> EXERCISE DETAILS:
Begin at the first line of the records below and, please, give each line again exactly until the line with "Sanderling Michael - Beethoven" is included.

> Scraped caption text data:
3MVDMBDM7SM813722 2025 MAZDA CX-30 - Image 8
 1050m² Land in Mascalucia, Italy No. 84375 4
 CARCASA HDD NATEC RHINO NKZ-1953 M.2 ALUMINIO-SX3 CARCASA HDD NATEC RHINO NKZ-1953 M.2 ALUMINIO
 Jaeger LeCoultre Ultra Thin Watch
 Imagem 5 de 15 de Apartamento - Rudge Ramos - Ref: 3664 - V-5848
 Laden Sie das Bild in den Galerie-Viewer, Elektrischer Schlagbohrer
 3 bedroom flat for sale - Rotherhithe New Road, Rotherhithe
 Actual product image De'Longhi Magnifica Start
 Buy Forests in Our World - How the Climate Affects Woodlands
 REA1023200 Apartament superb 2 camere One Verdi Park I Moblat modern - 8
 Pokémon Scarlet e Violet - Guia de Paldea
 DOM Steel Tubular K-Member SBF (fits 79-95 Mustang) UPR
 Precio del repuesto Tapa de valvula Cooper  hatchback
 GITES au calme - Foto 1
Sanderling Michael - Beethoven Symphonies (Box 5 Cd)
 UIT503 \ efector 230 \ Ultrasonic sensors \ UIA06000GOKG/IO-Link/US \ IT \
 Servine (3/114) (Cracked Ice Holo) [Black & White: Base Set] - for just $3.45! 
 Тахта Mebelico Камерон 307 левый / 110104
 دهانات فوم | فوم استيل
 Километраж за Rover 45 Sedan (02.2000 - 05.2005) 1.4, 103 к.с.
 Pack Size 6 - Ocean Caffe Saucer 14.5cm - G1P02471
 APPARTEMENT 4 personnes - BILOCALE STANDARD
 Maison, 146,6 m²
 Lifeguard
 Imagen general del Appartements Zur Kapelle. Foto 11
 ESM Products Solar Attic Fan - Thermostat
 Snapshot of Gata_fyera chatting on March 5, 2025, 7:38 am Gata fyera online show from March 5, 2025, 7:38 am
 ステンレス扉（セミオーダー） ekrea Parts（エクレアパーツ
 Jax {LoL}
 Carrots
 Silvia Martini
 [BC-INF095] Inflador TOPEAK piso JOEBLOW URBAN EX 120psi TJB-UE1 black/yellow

> SOLUTION FOR THIS TASK:
3MVDMBDM7SM813722 2025 MAZDA CX-30 - Image 8
 1050m² Land in Mascalucia, Italy No. 84375 4
 CARCASA HDD NATEC RHINO NKZ-1953 M.2 ALUMINIO-SX3 CARCASA HDD NATEC RHINO NKZ-1953 M.2 ALUMINIO
 Jaeger LeCoultre Ultra Thin Watch
 Imagem 5 de 15 de Apartamento - Rudge Ramos - Ref: 3664 - V-5848
 Laden Sie das Bild in den Galerie-Viewer, Elektrischer Schlagbohrer
 3 bedroom flat for sale - Rotherhithe New Road, Rotherhithe
 Actual product image De'Longhi Magnifica Start
 Buy Forests in Our World - How the Climate Affects Woodlands
 REA1023200 Apartament superb 2 camere One Verdi Park I Moblat modern - 8
 Pokémon Scarlet e Violet - Guia de Paldea
 DOM Steel Tubular K-Member SBF (fits 79-95 Mustang) UPR
 Precio del repuesto Tapa de valvula Cooper  hatchback
 GITES au calme - Foto 1
Sanderling Michael - Beethoven Symphonies (Box 5 Cd)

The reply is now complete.